The use of culture-based microbiological methods is slow and can only measure the few sulfate-reducing Bacteria (SRB) that can be cultivated. Faster and more accurate techniques for the diagnostics of microbiologically influenced corrosion (MIC) are therefore required.

This paper demonstrates the benefits of applying state-of-the-art molecular microbiology methods (MMM) to the identification and quantification of the microorganisms contributing to corrosion in oil production facilities. For quantification of troublesome microorganisms MMM can be applied directly to solid samples from the oil field without the need for culture media.

The corrosion mechanism was investigated in two different cases: (i) a piece of piping with high corrosion rates from the water outlet of a separator from the Halfdan oil field, and (ii) a similar piece of piping from the Dan oil field with much lower rates of corrosion. The chemical distribution of elements was analysed using X-ray diffraction and the levels of MIC causing microorganisms were determined with qPCR (a DNA-based quantification method).

The results showed that corrosion in the piping from Halfdan was caused by MIC. The results also showed that not only SRB were involved in the observed MIC. High numbers of sulfate-reducing prokaryotes (SRP) and methanogens were measured in material from the Halfdan separator with high corrosion rates.
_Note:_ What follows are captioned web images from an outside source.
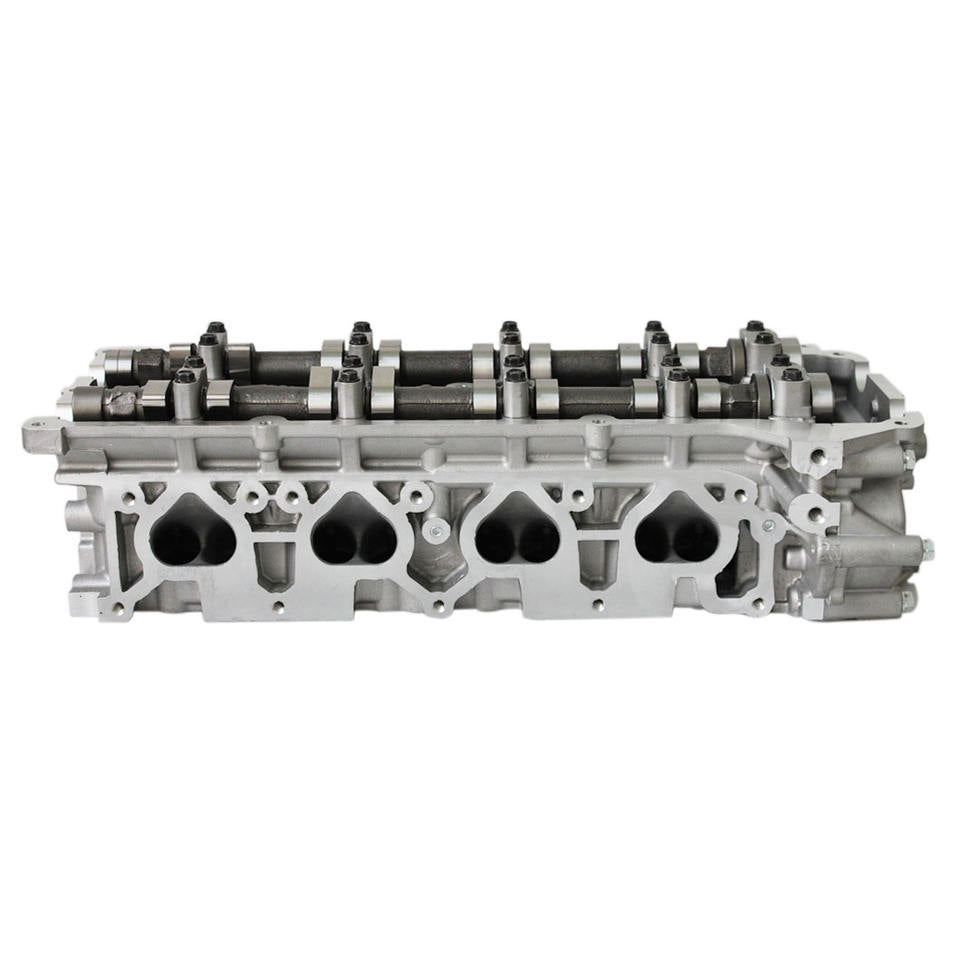 KA24DE KA24 16V Engine Complete Cylinder Head Assembly 11040-VJ260 for Nissan ALTIMA SENTRA 240SX NAVARA PICKUP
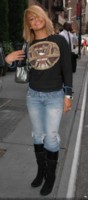 Christina Milian Sweatshirt #1243592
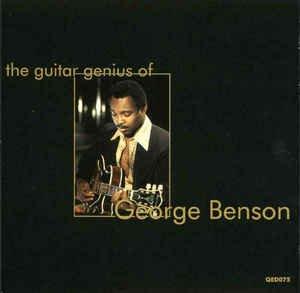 George Benson - The Guitar Genius Of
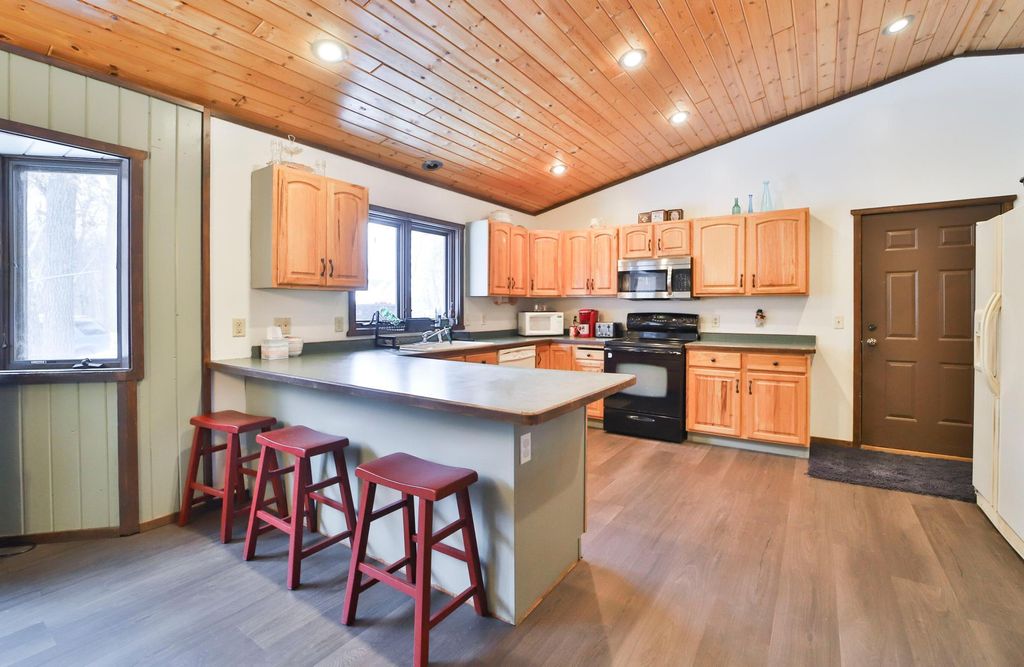 Photo of 10824 1st Street Circle, Breezy Point, MN 56472 (MLS # 7017967)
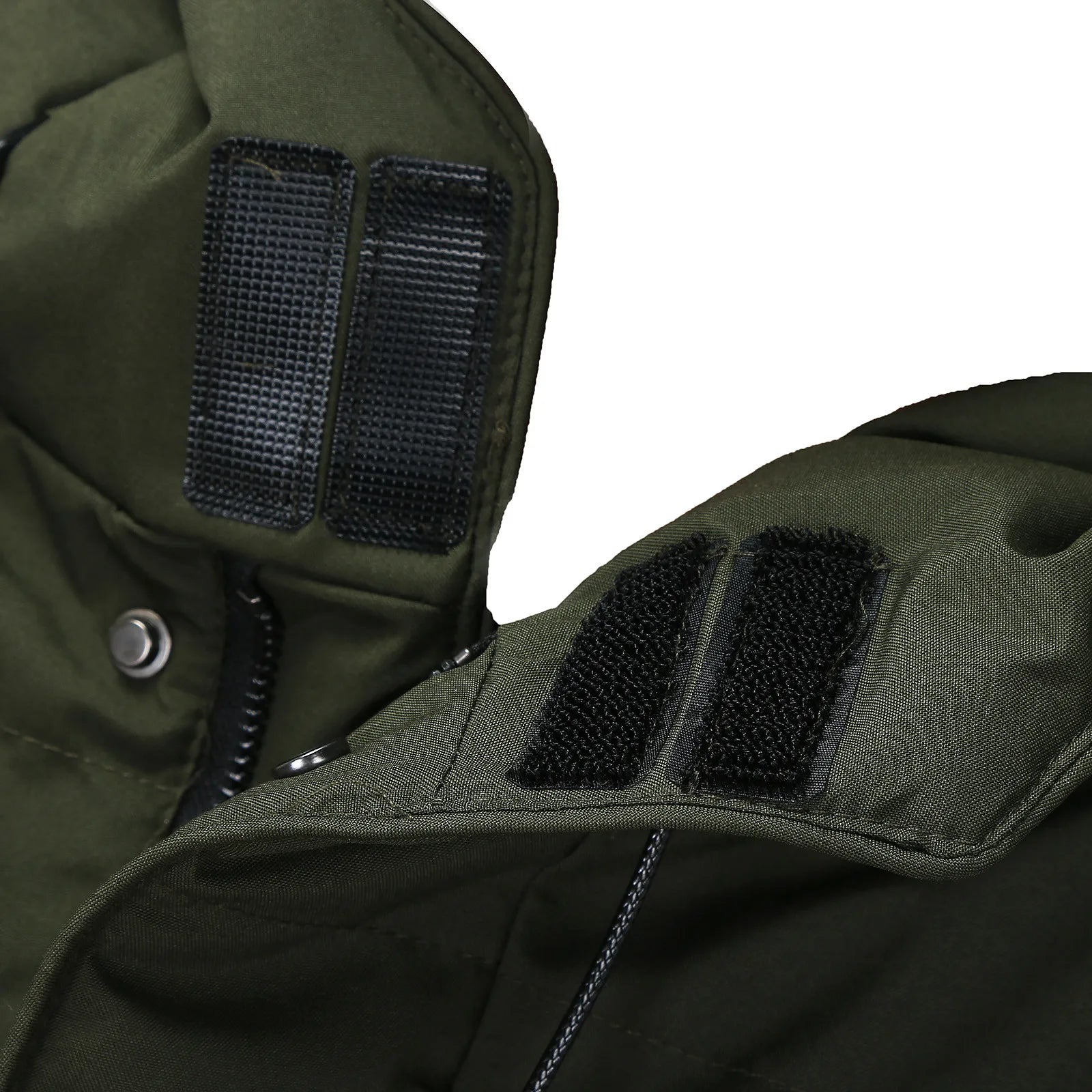Cardiff™ | Long Winter Coat for Men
The methanogens were particular abundant close to the metal/scale interface. The data indicates that the high level of microorganisms in the Halfdan separator speeds up the corrosion process by efficiently consuming hydrogen released during dissolution of iron.

Finally, the paper discusses the strength of applying qPCR as a standardized, high-throughput routine monitoring tool for MIC diagnostics when developing more reliable integrity management programs in the future. This study has shown that the improved molecular microbiological approach to MIC is important when designing and testing remedial actions towards MIC in oil field systems.